Failure to Verify and Transcribe Admission Medication Orders
Penalty
Summary
The facility failed to ensure a resident’s hospital discharge medication orders were verified with the admitting physician upon admission, resulting in inaccurate transcription and missed medications. The resident was admitted with multiple diagnoses including hemiplegia and essential hypertension. The hospital’s short-term Medicare referral and discharge documents included an active medication list and discharge orders. The DON later acknowledged being confused by multiple medication lists from the hospital and confirmed that several discharge medications were not transcribed onto the admission orders or MAR and therefore were not administered for three days.

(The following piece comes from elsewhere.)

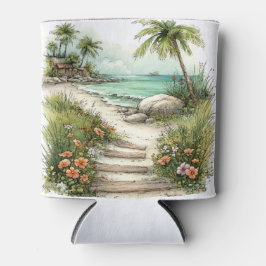 CUTE QUIRKY SUMMER BEACH SCENE 缶クーラー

The medications omitted included Amlodipine for blood pressure, Buprenorphine for pain, Clopidogrel as a blood thinner, and Hydralazine for heart and blood pressure management. The resident’s responsible party met with the DON and expressed concerns about missing medications on the MAR. The admitting LVN stated the resident did not arrive with paper discharge orders and that he located the discharge orders via fax in the electronic record and used them to create admission orders, but he did not contact the admitting physician to verify or clarify those orders. The LVN also did not document any contact with the physician regarding admission orders. The resident’s primary physician, who was the admitting physician, reported he was not contacted by nursing staff at the time of admission and stated he expected licensed nurses to verify and clarify admission orders upon admission. Facility policy on admission documentation required the admitting nurse to document the time physician orders were received and verified, but there was no documentation that this occurred for this resident, and the resident did not receive the ordered medications for three days, culminating in a transfer to the hospital for syncope.